[BioC] running time: countOverlaps & summarizedOverlaps vs. HTSeq
Nicolas Delhomme
delhomme at embl.de
Thu Mar 29 18:33:48 CEST 2012
Thanks Michael!
---------------------------------------------------------------
Nicolas Delhomme
Genome Biology Computational Support
European Molecular Biology Laboratory
Tel: +49 6221 387 8310
Email: nicolas.delhomme at embl.de
Meyerhofstrasse 1 - Postfach 10.2209
69102 Heidelberg, Germany
---------------------------------------------------------------
On 29 Mar 2012, at 18:28, Michael Lawrence wrote:
> In devel rtracklayer, SeqinfoForUCSCGenome("hg19") does the equivalent of Herve's code. There is also a SeqinfoForBSGenome().
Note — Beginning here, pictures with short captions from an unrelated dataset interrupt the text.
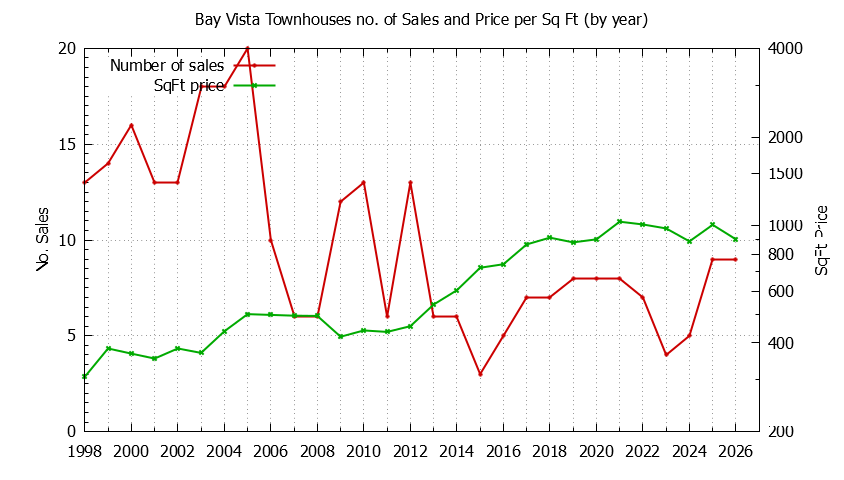 Yearly Number & Price Per SqFt of Bay Vista Townhouses Sold Graph of the Yearly Number & Price Per SqFt of Bay Vista Townhouses Sold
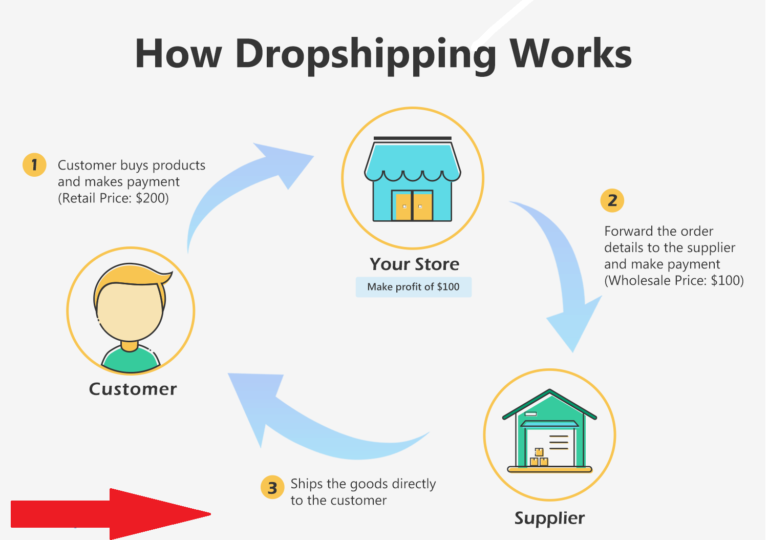 Print on Demand and DropShipping Business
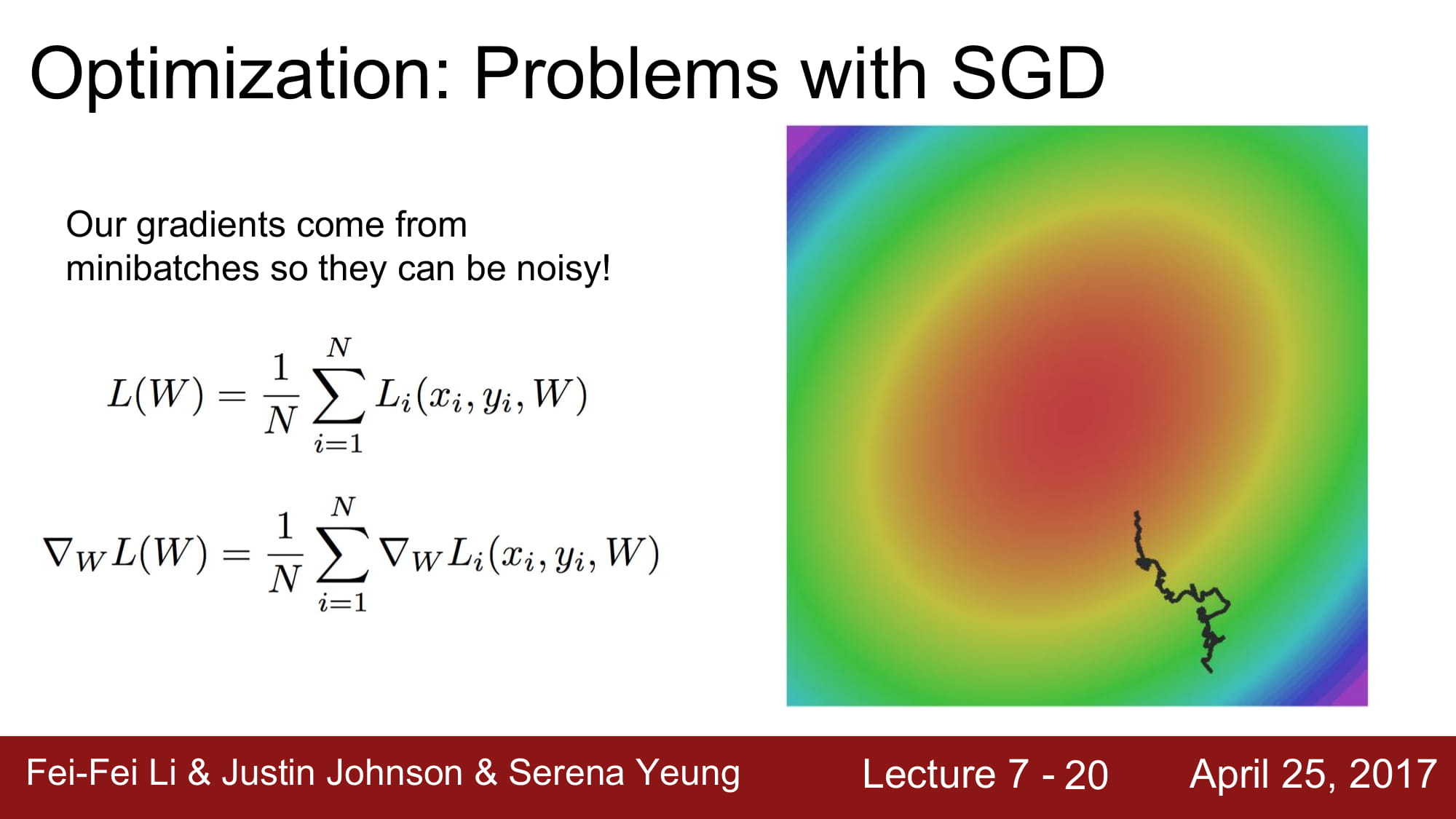 cs231n_2017_lecture7-20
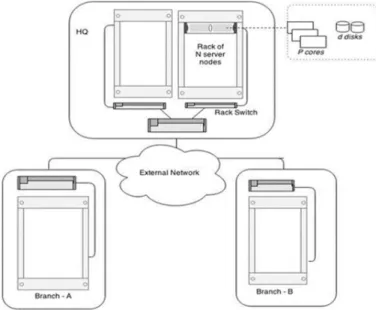 Fig. 1. Worker node with data locality and without data locality.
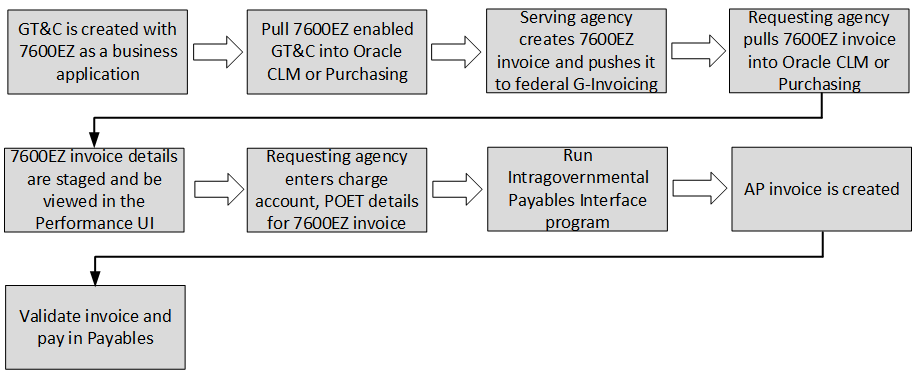 Oracle Contract Lifecycle Management for Public Sector Purchasing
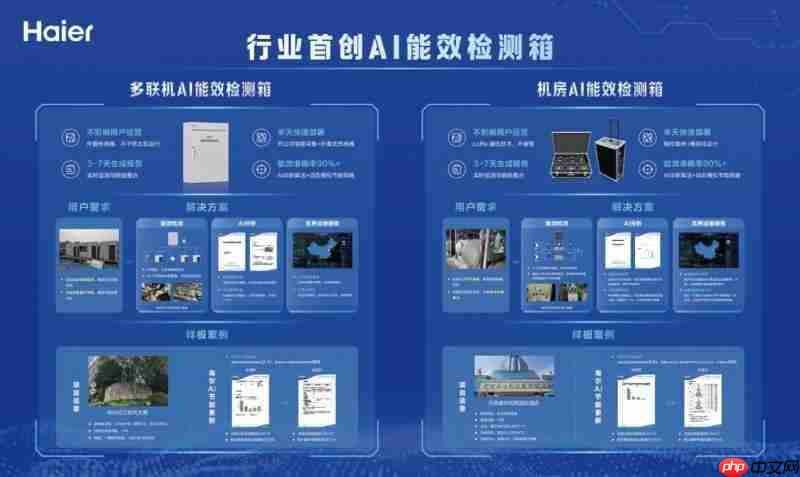 又领先一步！海尔智慧楼宇行业首创AI能效检测箱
It returns NULL if the genome package is not found, in which case you can fall back to UCSC. That's what rtracklayer does internally when you pass a genome argument to import.
>
> Michael
>
> On Thu, Mar 29, 2012 at 5:39 AM, Nicolas Delhomme <delhomme at embl.de> wrote:
> Hi Steve,
>
> Yes that's true, I've been using that too, but I still encounter BAM files without an header section. Combining both your input will be a way to avoid BSgenome :-)
>
> Cheers,
>
> Nico
>
> ---------------------------------------------------------------
> Nicolas Delhomme
>
> Genome Biology Computational Support
>
> European Molecular Biology Laboratory
>
> Tel: +49 6221 387 8310
> Email: nicolas.delhomme at embl.de
> Meyerhofstrasse 1 - Postfach 10.2209
> 69102 Heidelberg, Germany
> ---------------------------------------------------------------
>
>
>
>
>
> On 29 Mar 2012, at 03:20, Steve Lianoglou wrote:
>
> > Hi,
> >
> > 2012/3/28 Hervé Pagès <hpages at fhcrc.org>:
> >> Hi Nico, Milica,
> >>
> >>
> >> On 03/28/2012 04:21 AM, Nicolas Delhomme wrote:
> >>>
> >>> Hi Milica,
> >>>
> >>> I do the exact same thing in my package (easyRNASeq, still in the devel
> >>> branch of Bioc) and it definitely does not require 20 hours to read "only"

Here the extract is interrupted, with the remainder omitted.